KUALA LUMPUR: Sime Darby Property Bhd has revised up its sales target of RM2.3 billion to RM2.7 billion, and its gross development value (GDV) launch target of RM3.0 billion to RM4.0 billion, for the financial year ending Dec 31, 2023, (FY2023) given its strong sales momentum in the first half of the year.
In the first half of the year, the property developer said it recorded sales of RM1.5 billion, which represents 65 per cent of its original sales target.
The industrial segment was the key contributor with 40 per cent of RM597 million of the total sales achieved during the period.
Its net profit for the second quarter ended June 30, 2023 (2QFY2023) fell 32 per cent year-on-year to RM71.07 million from RM104.99 million a year earlier, on the back of higher share of loss from joint ventures while revenue rose to RM688.92 million from RM615.61 million a year ago.
Earnings per share slipped to one sen, from 1.50 sen previously.
It also declared an interim dividend of one sen per share amounting to a payout of RM68 million.

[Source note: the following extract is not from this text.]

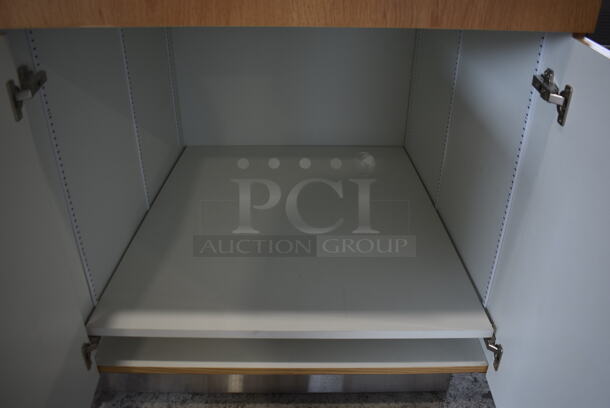 BRAND NEW! Wood Pattern 6 Door Counter. Missing Countertop. - Image 6 of 6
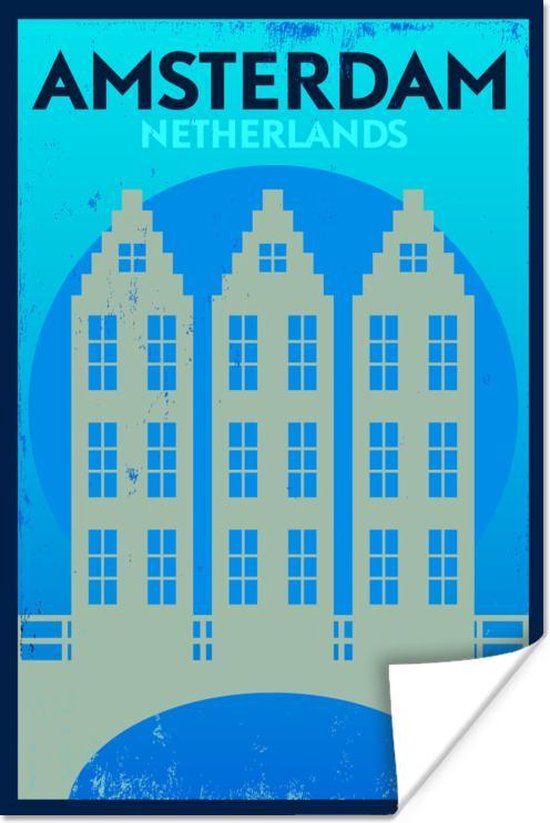 Poster Vintage Amsterdam - Impression Toile 20x30cm - Déco Murale Moderne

Sime Darby Property managing director Datuk Azmir Merican said the group is well-positioned to capitalise on the resilient market demand, which also presents with an opportunity to maximise our property development growth over the coming years.
"We are optimistic in our ability to achieve our goals for the year and subsequently strive towards maximising shareholders' value," said Azmir.
The group registered cash reserves of RM795.4 million and a net gearing ratio of 20.7 per cent.
Meanwhile, the group said it recorded unbilled sales of RM3.8 billion as at June 30, 2023, versus RM3.6 billion as at Dec 31, 2022, ensuring revenue visibility for the next three years.
Its current bookings stood at RM1.9 billion as at Aug 6 2023.
At the time of writing, Sime Darby Property shares rose 5.43 per cent or 4.5 sen to 68 sen, with 20.96 million shares done, giving it a market value of RM4.62 billion.